Vetis presses the knife into the burn on my neck. I try not to wince.
He says, “Let me put you out of your misery.”
“Give me the knife and I’ll put you out of yours.”
Outside someone yells, “Hey!” Someone else curses. There’s the sound of running feet. A lot of them. More shouts. Guns go off and something hits the ambulance hard.
Vetis looks up as a dozen hands drag him out of the ambulance. One of them twists Vetis’s wrist until it pops and he drops the knife. They drag him around the side of the ambulance and I lose sight of him. A moment later, a woman steps inside and looks around for somewhere to sit that isn’t covered in blood. She finds a foam pillow pinned to the wall by the gurney and sets it on one of the cabinets.
“That worked out nicely, if I do say so myself,” says Deumos.
“It would have worked out even better if you’d gotten up here five minutes ago.”
She holds up her hands in a what-can-you-do gesture.
“Getting through the canyons without being seen took more time than we thought.”
I sit up and lean back against the wall.

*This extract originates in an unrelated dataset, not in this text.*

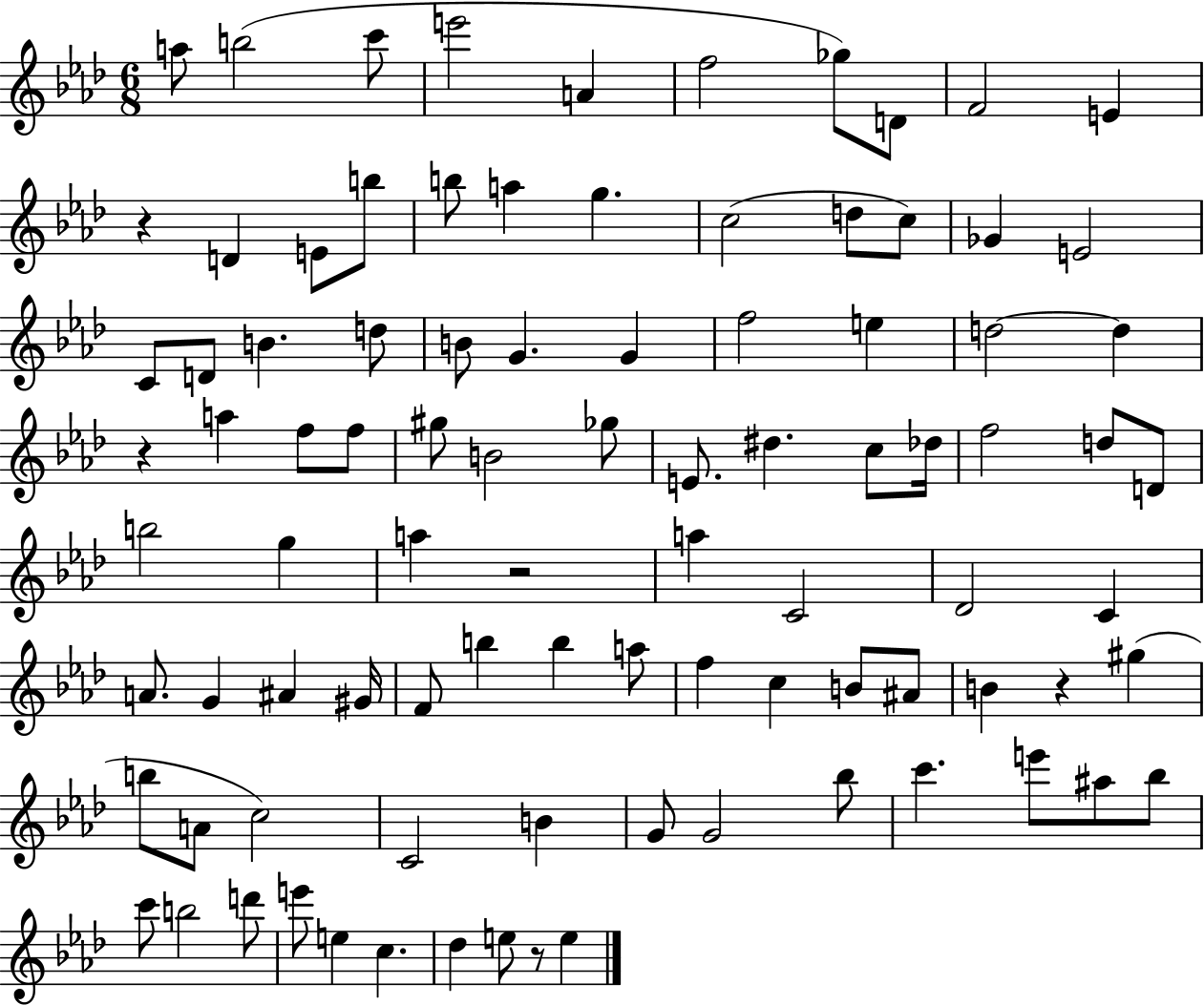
A5/e B5/h C6/e E6/h A4/q F5/h Gb5/e D4/e F4/h E4/q R/q D4/q E4/e B5/e B5/e A5/q G5/q. C5/h D5/e C5/e Gb4/q E4/h C4/e D4/e B4/q. D5/e B4/e G4/q. G4/q F5/h E5/q D5/h D5/q R/q A5/q F5/e F5/e G#5/e B4/h Gb5/e E4/e. D#5/q. C5/e Db5/s F5/h D5/e D4/e B5/h G5/q A5/q R/h A5/q C4/h Db4/h C4/q A4/e. G4/q A#4/q G#4/s F4/e B5/q B5/q A5/e F5/q C5/q B4/e A#4/e B4/q R/q G#5/q B5/e A4/e C5/h C4/h B4/q G4/e G4/h Bb5/e C6/q. E6/e A#5/e Bb5/e C6/e B5/h D6/e E6/e E5/q C5/q. Db5/q E5/e R/e E5/q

Grizzly’s blood soaks through my pants. I don’t care.
“I wasn’t sure you’d show at all.”
“But here we are, keeping our part of the bargain.”

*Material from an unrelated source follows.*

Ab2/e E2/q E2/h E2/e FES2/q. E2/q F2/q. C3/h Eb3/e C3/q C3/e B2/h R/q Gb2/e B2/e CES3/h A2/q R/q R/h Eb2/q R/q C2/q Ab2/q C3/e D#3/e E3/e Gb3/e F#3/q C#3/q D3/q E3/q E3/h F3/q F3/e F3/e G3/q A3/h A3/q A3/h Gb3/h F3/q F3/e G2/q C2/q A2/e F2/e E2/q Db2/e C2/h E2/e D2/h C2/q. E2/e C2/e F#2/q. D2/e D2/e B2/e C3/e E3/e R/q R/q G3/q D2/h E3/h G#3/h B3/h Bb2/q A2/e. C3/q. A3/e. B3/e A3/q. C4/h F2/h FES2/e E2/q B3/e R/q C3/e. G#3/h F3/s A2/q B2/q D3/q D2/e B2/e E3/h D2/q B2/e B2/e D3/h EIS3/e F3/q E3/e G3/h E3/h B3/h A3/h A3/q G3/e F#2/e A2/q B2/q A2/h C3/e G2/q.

“And I’ll keep mine. Just one thing. Did you bring a doctor or nurse?”
“We have a doctor and a nurse. Why?”
“The EMT they pulled out of here is probably pretty out of it. Someone should have a look at her. Also, can someone come in here to dig around for painkillers? I want to lie in a kiddie pool full of OxyContin.”
She pats me lightly on the shoulder.
“I’ll see what I can do.”
There’s no Oxy or Hellion Vicodin around, but Deumos comes back with someone’s flask full of Aqua Regia. It’ll do. We sit on the shoulder of the road looking back toward Pandemonium. Even falling apart, the place looks enough like L.A. to make me feel homesick.
The side of the hill where we sit crunches under our feet where the vegetation burned. But the place isn’t entirely dead. Scrubs of ghost thistle and even a few asphodel flowers have made it up through the layer of ash.
“You don’t look well,” says Deumos.
“With a month’s vacation, a face-lift, and a crate of Ecstasy, I might work my way up to feeling like shit.”
“General Semyazah isn’t going to be happy about any of this. Running around the hinterlands with weapons. Attacking his troops. And especially you conspiring with me.”
“He’ll be fine. I’ll send him a fruit basket.”
We sit for a minute, neither of us saying anything. There’s the kind of warm breeze that if you didn’t know you were in Heaven’s sewer you might find almost pleasant.
“So tell me, how does someone invent a new church in Hell? You run out of Sudoku?”